On 6/11/2023 9:34 AM, Johnny Billquist wrote:
> On 2023-06-11 03:34, Arne Vajhøj wrote:
>> On 6/10/2023 7:20 AM, Scott Dorsey wrote:
>>> Unfortunately the focus today is on speed and low cost.  People toss 
>>> together
>>> rapid prototypes and put them into production systems.  Back in the 
>>> eighties
>>> software engineering people talked about code reusability as being a 
>>> goal
>>> for improving code quality.  Now people just cut and paste library calls
>>> that they don't understand off of websites and wonder why their 
>>> machine is
>>> so slow and insecure.
>>>
>>> Pretty much all of the things we need to implement very safe computing
>>> systems were developed in the 1970s and 1980s and prototype capability
>>> architectures have been tested and used.  Back then, people were not 
>>> willing
>>> to live with the substantial performance hit.  Today, that 
>>> performance hit
>>> is even more of a problem because so much code is written so much 
>>> more poorly.
>>
>> Code reuse means library use.
>>
>> Todays developers knows less about the library functions they use than
>> they did 40 years ago. Because the number of library functions increased
>> by a factor 100 or so.
> 
> True. However, I also feel that people in general are less writing 
> libraries, and more just using them. And instead they copy code and have 
> several versions of the same code for every different project they work on.
> 
> Most people don't even know how to create a library anymore.

A lot of people still know how and actually do.

The number of available libraries (libraries not functions!) via
Maven (Java), NuGet (.NET), npm (JS) and PyPi (Python) are all
all counted in hundreds of thousands.

>> Computers are way more secure today than they were 40 years
>> ago. They have to because the threats have evolved dramatically.
> 
> I'm not sure I agree with that.

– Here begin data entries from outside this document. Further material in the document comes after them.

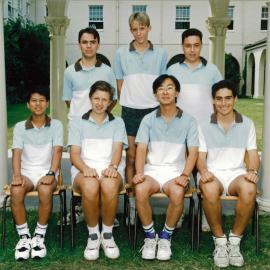 Tennis 3rd grade 1992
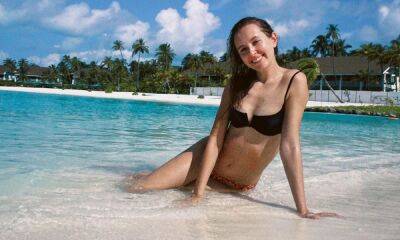Giovanni Pernice - Rose Ayling-Ellis - Eastenders - Strictly's Rose Ayling-Ellis stuns in gorgeous bikinis in fun video of adventures in Maldives - hellomagazine.com - Maldives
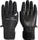 Zanier Radiator Skihandschuhe schwarz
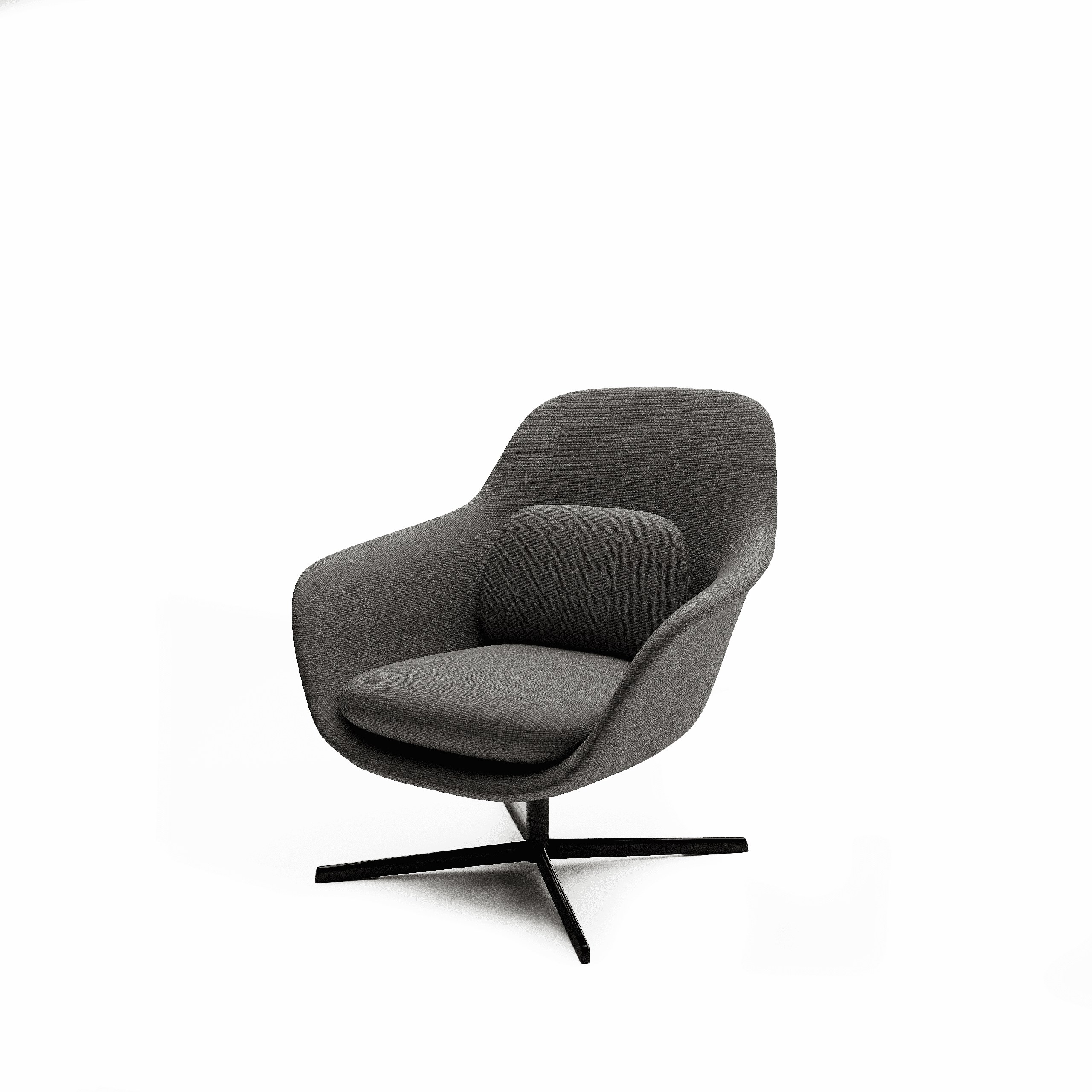 Melo Lounge Chair - Image 3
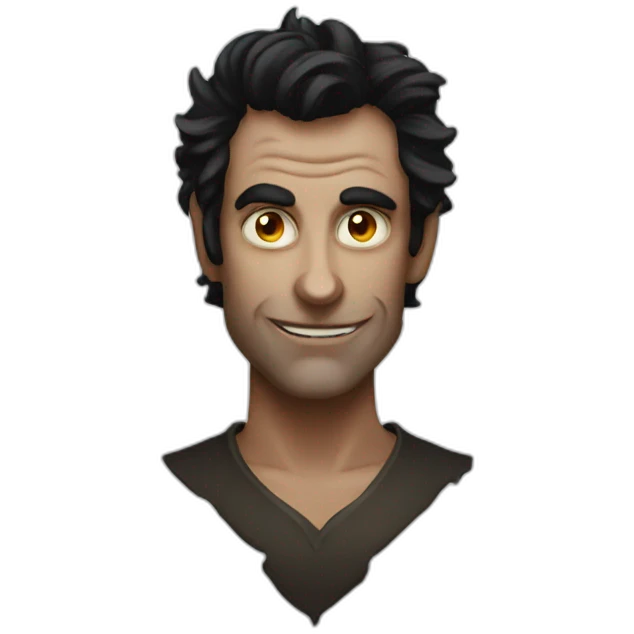 Demon Salvatore emoji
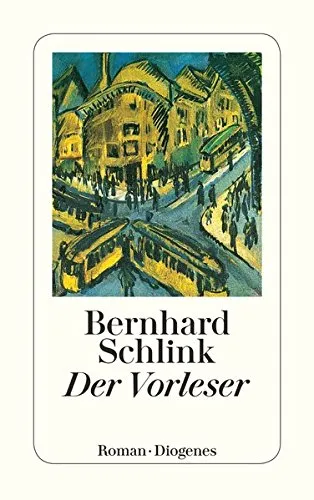 Der Vorleser - Bernard Schlink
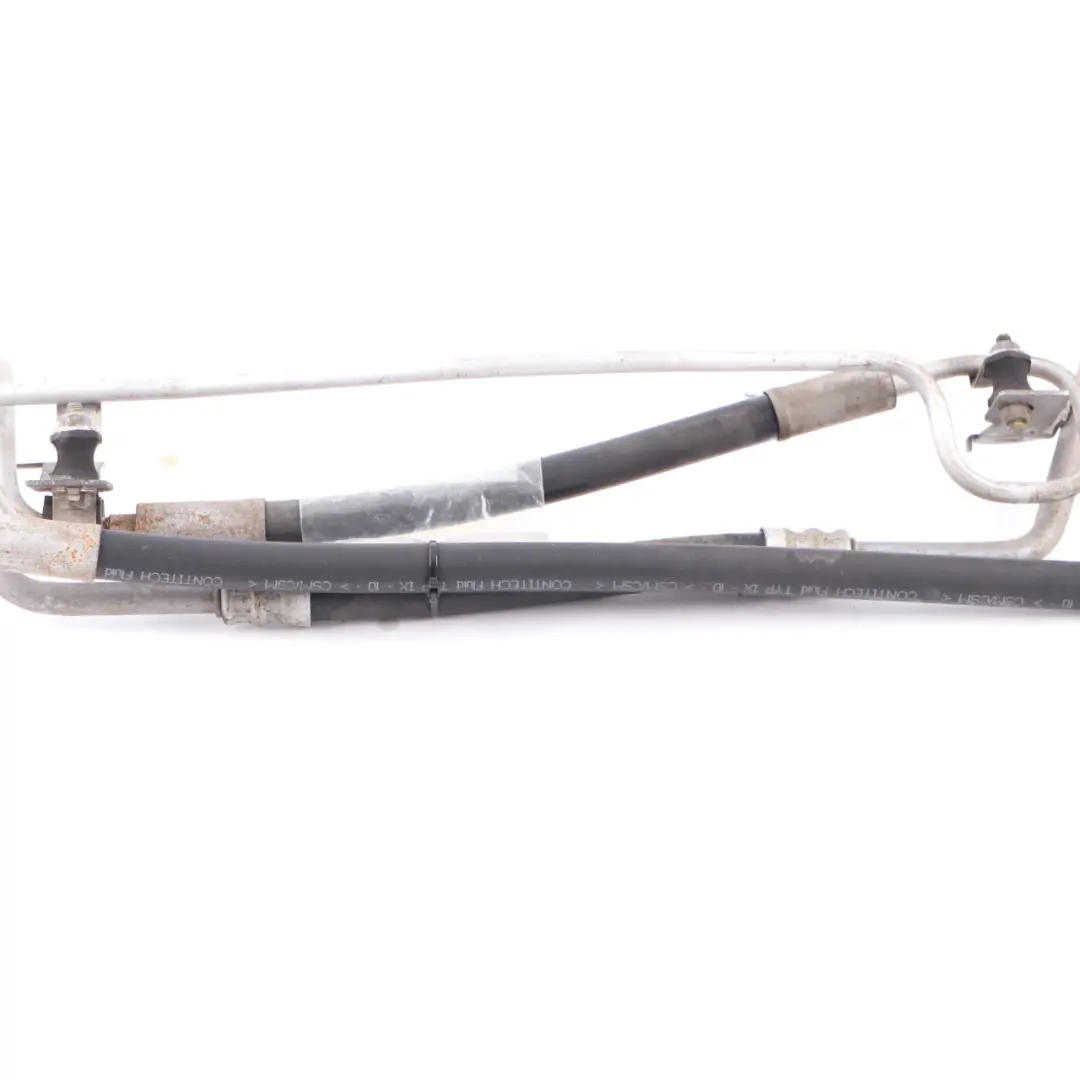BMW E81 E87 E90 E91 N52 N52N Power Steering Rack Oil Expansion Hose Pipe - SKU rhd-6784335 - Part number 6784335
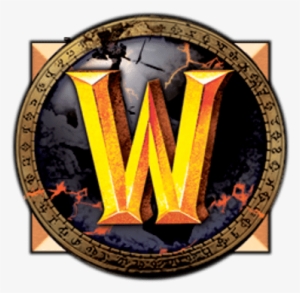 World Of Warcraft Cataclysm Icon - World Of Warcraft Logo Png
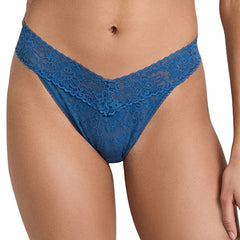 Low Waist Lace Bikini Panty - My Vastra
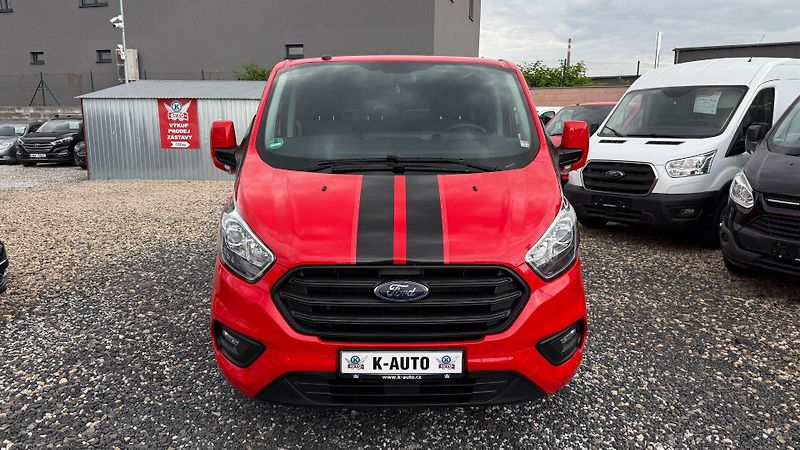 Ford Transit Custom (2018) 2.0TDCi 77kW *L1H1*Klima*PDC* - fotka 2 z 22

However, the security problems and 
> issues have shifted a lot.
> 
> 40 years ago, you had a lot of rather stupid, simple security problems. 
> Like no encryption on network traffic, little authentication, little 
> audited code, and so on. So it was very insecure in that way.
> 
> Nowadays, those kind of problems are getting scarce. However, programs 
> these days are so complex, and contain so many components. That means 
> pretty much noone can really audit or understand the code anymore, and 
> noone even tries. In addition, since so many things are in the form of 
> libraries or services that you depend on, any kind of problem in any of 
> them can potentially affect a whole lot of systems and programs, meaning 
> any security issue is potentially a very large and severe one. That was 
> not the case 40 years ago.
> 
> So security problems are harder to identify, and have a potentially way 
> larger impact today. So are we more secure? If you go by the impact of 
> the security problems 40 years ago and security problems today, then the 
> impact today is way higher. (Obvious, since people exploiting security 
> issues have also become way more sophisticated over 40 years, along with 
> the tools available.)
> 
> 40 years ago, social engineering was the biggest exploit vector. 
> Probably not different than today. Just think of War Games as a good 
> example (pretty close to 40 years ago now).

There are 3 aspects:

practices 40 years ago vs practices today
applications 40 years ago vs applications today
threats 40 years ago vs threats today

Applications has become way more complex and are usually
more openly accessible than 40 years ago.

Exploiting vulnerabilities has become an industry with
both criminals and socalled "state actors".

If practices from 40 years ago was used today to develop
applications, then I don't think that would go well.

It is not really surprising. The world progresses. And
it is not unique for IT. Try design a car using 40 year
old practices and compare the result to a modern car.